What you should do:
In the listing below, find the line with "I bought. The" and the line with "yellow tulipHarry Behret", then return them and every line between them exactly, minus the pictures.

Exercise data:
++++++
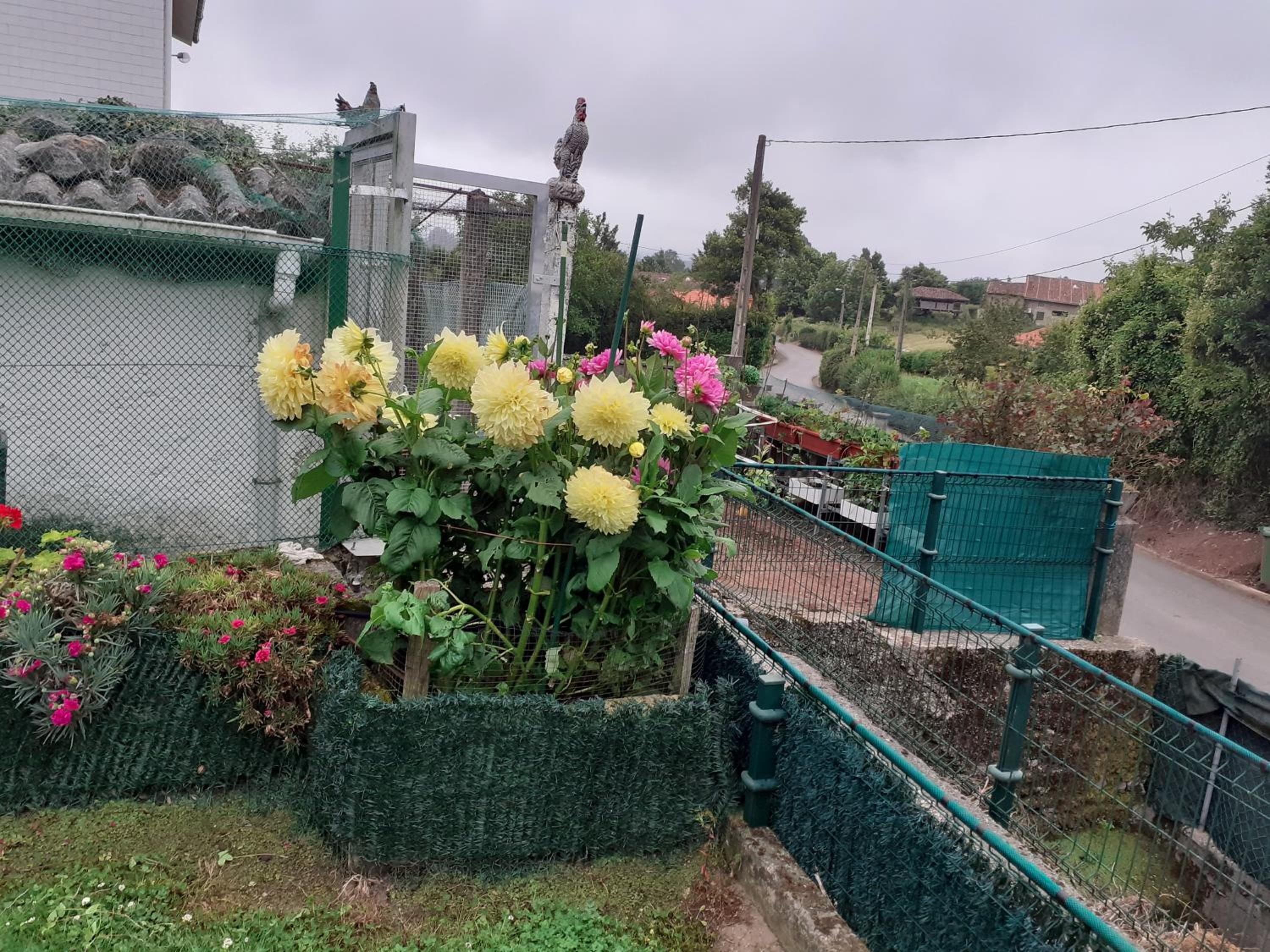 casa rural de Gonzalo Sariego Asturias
++++++
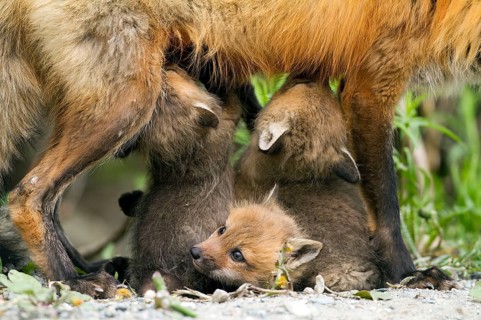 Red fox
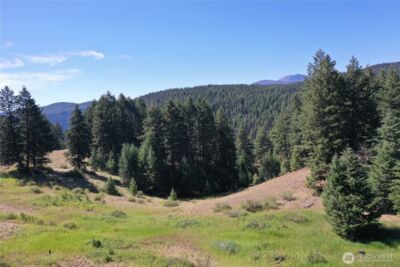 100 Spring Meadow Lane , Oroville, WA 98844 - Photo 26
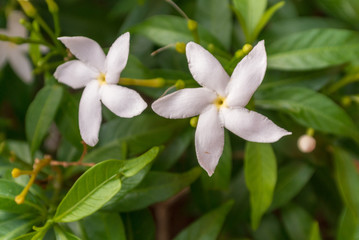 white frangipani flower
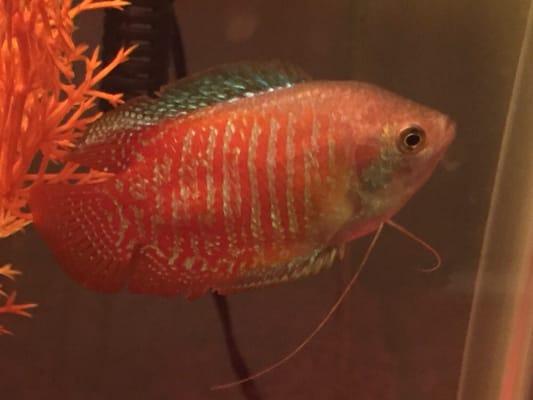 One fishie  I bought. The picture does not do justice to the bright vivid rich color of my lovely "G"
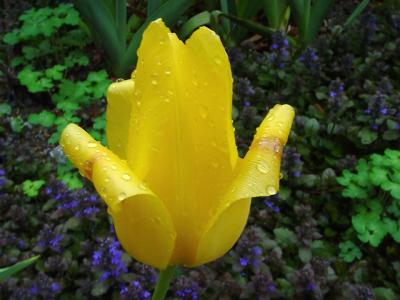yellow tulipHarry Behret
++++++
Response area:
 One fishie  I bought. The picture does not do justice to the bright vivid rich color of my lovely "G"
yellow tulipHarry Behret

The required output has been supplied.